May 1 has been a public holiday in France since 1947 - but the origins of the modern Fête du Travail, which is marked all over the world with marches and protests, can be traced to the other side of the Atlantic.
On May 1, 1886, a general strike of some 350,000 workers demanding an eight-hour limit to their working day paralysed many factories in the US.
Two days later, 10,000 strikers gathered at a factory in Chicago. Six died and many others were wounded in a police charge.
The following day, amid rising tension, a crowd of around 150,000 people gathered at a protest meeting. The protests again turned deadly - 15 police officers were killed in a bomb attack, and 10 protesters also died during the day.
Three years later, the Socialist International, a worldwide organisation of political parties that seeks to establish democratic socialism, declared May 1 International Workers' Day at a meeting in Paris.
Members wore a red triangle representing the trinity of eight hours work, eight hours leisure, and eight hours sleep.
That badge was later replaced by a wild rose - and as recently as 1976, by the muguet (lily of the valley in English) - a flower long associated with spring.
This custom of giving the spring-flowering lily of the valley as a symbol of good luck to friends and family dates back centuries.
On May 1, 1561, the future king Charles IX, then aged 10, gave the custom the royal seal of approval when he first offered a sprig of the flower to all the ladies of the French court. He repeated the gesture every year.

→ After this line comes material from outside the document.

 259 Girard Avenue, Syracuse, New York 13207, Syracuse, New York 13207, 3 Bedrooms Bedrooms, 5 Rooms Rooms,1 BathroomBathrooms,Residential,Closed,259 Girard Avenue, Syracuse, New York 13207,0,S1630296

Workers' struggle for an eight-hour working day would continue for many years.
On May 1, 1891, nine protesters were killed and 35 more injured when soldiers opened fire on a peaceful demonstration in the Nord town of Fourmies during the first-ever French celebration of International Workers' Day.
The events in Fourmies are today regarded as one of the founding events of the French Section of the Workers' International, a political party in France that was founded in 1905 and succeeded in 1969 by the modern-day Socialist Party.
May 1 has since become synonymous with marches and rallies over workers' rights.
In 1936, employers discovered to their cost the power of the unions, when on May 2 they laid off workers who had marched on May 1 in favour of a 40-hour week and two weeks paid holiday, as the sacked workers' colleagues walked out in support of their colleagues.
It was not until 1920 that May 1 was officially recognised in France as a non-working day - it would not become a paid public holiday until two years after the end of the Second World War.
The same employment bill that delivered the public holiday also wrote into French law the eight-hour working day.
Muguets on sale despite pandemic
The usual May Day sellers of the flowers, whether florists, associations or garden centres, will be able to carry out their sales almost as usual this year.
Individuals seeking to buy or pick a bunch will have to follow the Covid-related restrictions currently in place, such as the 19:00 curfew and the restriction to remain within 10km of your home.
May 1 is an important date in the calendar for florists, along with Christmas, Valentine’s Day and Mother’s Day.
Around 31% of all lilies of the valley sold on May 1 are sold in florists, with 25% in supermarkets, 11% in markets and 9% in garden centres.
Last year, a national lockdown was in place on May 1, meaning florists missed out the chance to sell the flowers.
Florists have, since March 19, 2021, been considered as essential shops and are able to remain open during current restrictions.